The regulations now state that private vehicles shall not carry more than 60% of the licensed capacity, and that ‘all directions in respect of hygienic conditions and the limitation of exposure of persons to Covid-19, are adhered to’.
“South Africans have been encouraged to shop alone so there must be a good reason why there are two of you in a car if you are stopped and asked by traffic officials,” Department of Transport spokesperson Motlatsi Lebea told BuinessTech
He added that there should never be three people in a private car unless they meet one of the other emergency requirements that would allow them to leave their households.
Most importantly, Lebea said that should drivers should try and wear facial masks whenever driving with more than one person in a car so as to try and avoid infections.
The Department of Transport has published new regulations which expand how many people are allowed to travel in a car during South Africa’s 21-day coronavirus lockdown.
In terms of the regulations, vehicles must reduce their maximum licensed passenger seating capacity by 70% with no masks as follows:
A minibus licensed to carry 10 passengers, is limited to carry a maximum of 7 passengers;
A minibus licensed to carry 15 passengers, is limited to carry the maximum of 10 passengers;
A midibus permitted to carry a maximum of 22 passengers, is limited to carry a maximum of 15 passengers.

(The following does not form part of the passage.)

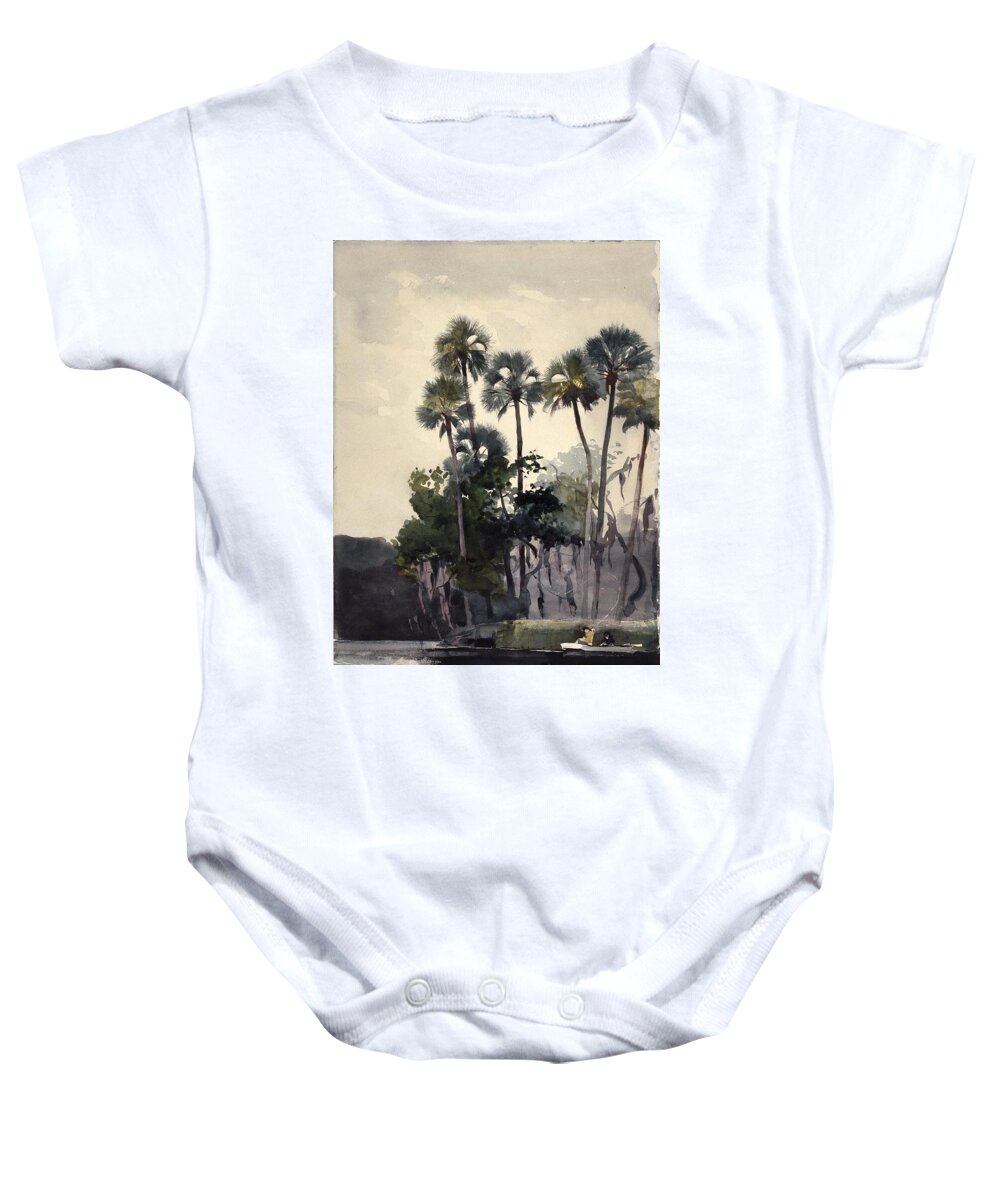 Winslow Homer (american Baby Onesie featuring the painting Homosassa River #2 by Winslow Homer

A vehicle licenced to carry up to 4 passengers is limited to carrying 50% of their permissible passenger-carrying capacity.
Minister of Transport Fikile Mbalula had originally announced that taxis would be allowed to travel at 100% capacity provided passengers wear masks, however this was rescinded less than a day later due to public backlash.
Relaxed travelling rules for funerals
The Department of Cooperative Governance and Traditional Affairs as relaxed the lockdown travelling rules to accommodate South Africans attending funerals.
Certain individuals will be allowed to move between provinces and, metropolitan and district areas for purposes of transporting a body for burial purposes. They will also stay at a hotel, lodge or guest house for the duration of the funeral or cremation.
The Department of Health has developed a national database that will allow for the tracing for people who has, or who have into contact with someone who has the coronavirus.
The database will collect personal information on South Africans when they are tested. However, the government may also ask electronic communications service providers such as mobile networks and ISPs to provide information.
The Covid-19 Tracing Database shall include all information considered necessary for the contact tracing process to be effective, including but not limited to:
Identity number/Passport number;
Work address/Other addresses where they could be located;
Covid-19 test results;
The personal details of all known or suspected contacts of anyone who has tested positive for the virus.
Police minister Bheki Cele has clarified that the list of essential goods which may be purchased during the lockdown does not include cigarettes.
The announcement comes after the Western Cape Government published a statement in which it indicated that cigarettes may be sold during the lockdown, but only together with essential goods.
“We urge businesses in the Western Cape not to listen to people who tell them wrong things,” said Cele. “If it is not in the national regulations, it is not allowed to happen.”